I made it to NYCeWheels a little after 11 in the morning. Lucky for me their new location was easy to find. And the little ramp they had outside leading into the shop seemed inviting. 



With no docking station nearby I simply rolled the bike inside where I got to see NYCeWheels' new digs. 



They had definitely moved up. Their old location was tiny and this one had the room for plenty of Bromptons and quite a few accessories. I've admired these bikes for years - and my admiration only went up when I got to tour the Brompton factory in London a few years ago. 

I bought about $200 worth of stuff that I couldn't find in the Bay Area - and I reasoned it was worth having to carry this stuff the rest of the entire Christmas journey.

First I needed to bring it back to 16th and 8th. Luckily I easily latched my complimentary plastic bag* to the front rack. I checked my watch. I could just about make it if I hurried. 



Sufficiently warmed up at this point I definitely pedaled faster to get back. Not in the relative safety of the bike lane for a chunk of the way I shared the road with cars and felt the kind of pleasant, Premium Rush-ish "I'm home" feeling I hadn't felt in a while. Almost no electric cars, no Access OK stickers. Just potholed streets, ornery drivers, mysterious vapors rising from the street. New York delivered a cycling experience that only New York can - and I was thrilled to be a part of it. 


I returned the bike to the docking station and walked briskly to the meeting point at 16th and 8th with minutes to spare, holiding my bright green plastic bag. I ended up stuffing the contents into a suitcase and later made it up to Level 5 of Luggage Tetris to make everything fit to go home. 

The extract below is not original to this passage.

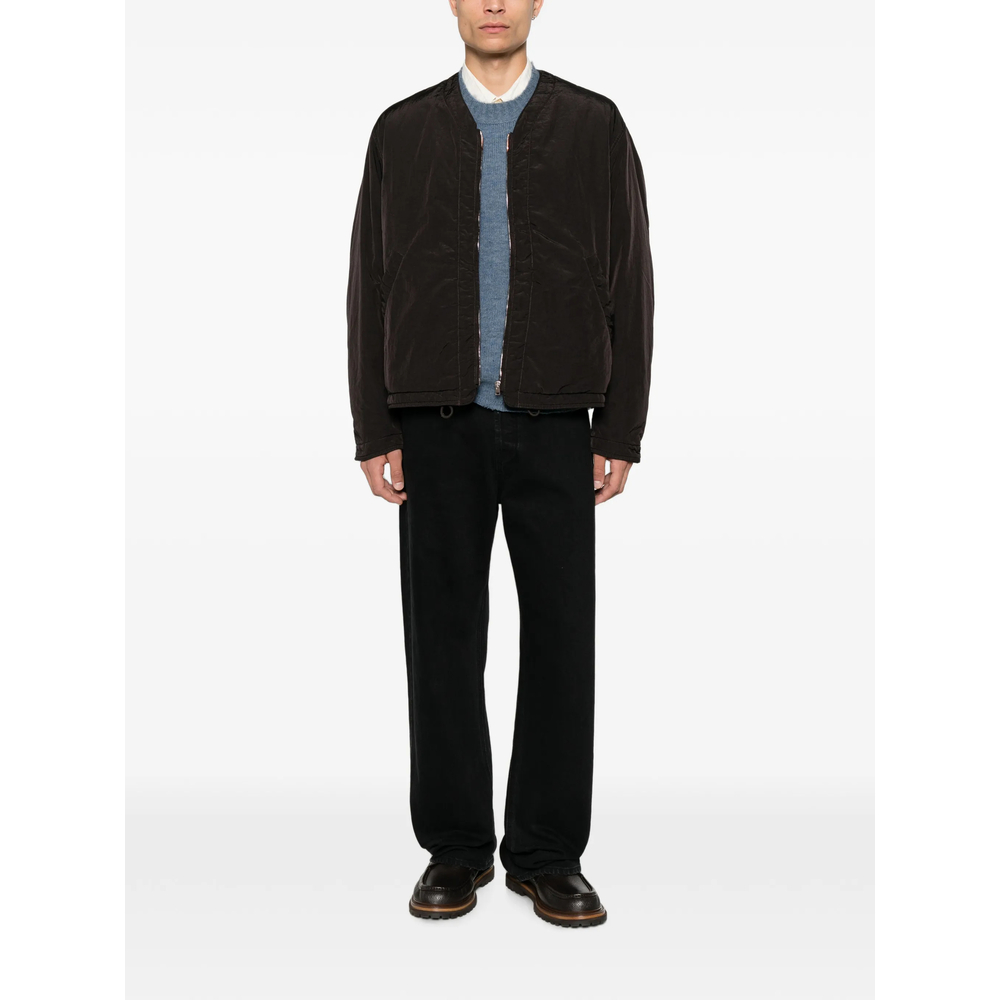 Logo-Embroidered Zip-Up Jacket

Now this may just sound like a nice story, or a good way to pass time, but I like to think it's more than that.

You see, The New York Post recently published a column by Steve Couzzo titled This is the Single Biggest Threat to Progress in NYC. Couzzo correctly cited traffic as a huge problem facing the city but, like so many others who defend cars, is pounding nails into his own forehead and blaming others for the headache.

Read his piece (as well as the other cringeworthy article from the Post editorial board bashing congestion pricing). 

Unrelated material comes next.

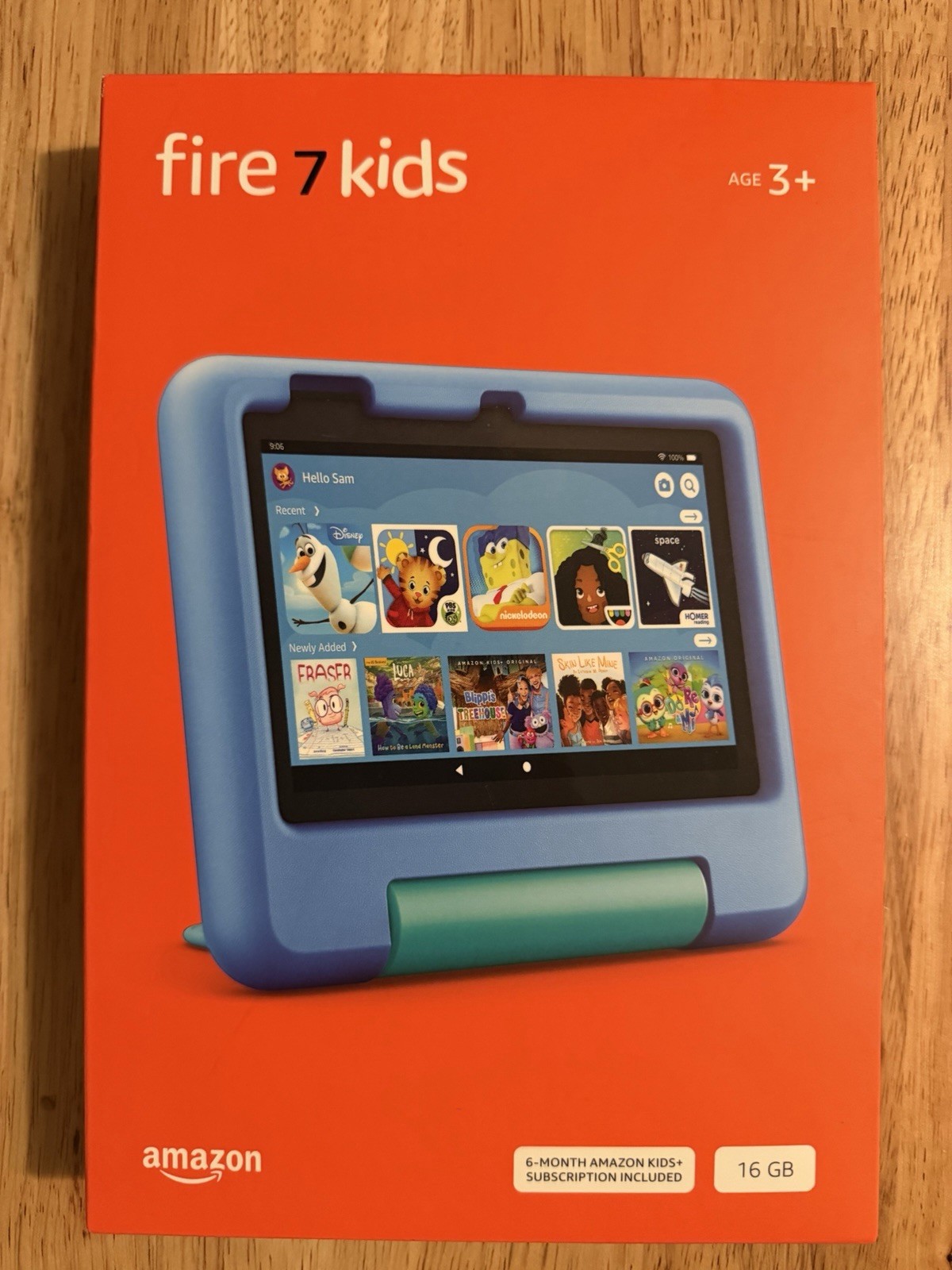 Amazon Fire 7 Kids Tablet 7” 16GB 12th Generation BLUE New Factory Sealed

Cities have outgrown cars. We need people to drive them less. Our lungs, bodies and financial solvency depend on it. 

Congestion is caused by car traffic and productivity is lost. Part of how to combat that is by creating safe bike lanes (like the one I enjoyed) and giving people more opportunities to use a bike in the first place (like bike share). 

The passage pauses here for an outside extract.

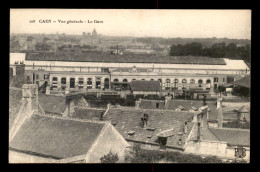 14 - CAEN - VUE GENERALE DE LA GARE DE CHEMIN DE FER - Caen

Think for a moment: $200 went to a small retailer in New York City I never would have gone to since a taxi or Lyft would have been too expensive and slow. But the city provided infrastructure and means for me to stimulate the economy. 

Couzzo and those like him probably just defend cars out of habit - or because they drive one themselves and just want to get to where they are going faster. So they peer out of their windshields and make checklists of things that should go away to enable them to do that. But nature abhors a vacuum, and cars will take up any space that we give to them. So taking away bike lanes will only make car traffic worse. 

The city is moving in the right direction. Yours might be too. Some streets are being taken away from cars altogether, which is what needs to happen more often, not less often, going forward. We also can't deny congestion pricing will help NYC even more. 


So keep moving forward, New York City and other cities. Ignore the naysayers who don't understand the concept of induced demand. Take more from cars, give to cyclists and pedestrians. And I will make damn sure I'll visit more shops again even when busy travelers like me only have a narrow window of time to shop in New York. 

I have no ending for this, so I will show you a picture of where I biked on the West Coast on New Year's Day: Fort Ord.



Happy New Year, and thanks for reading and thanks for riding. 

*you can't get that so easily in California.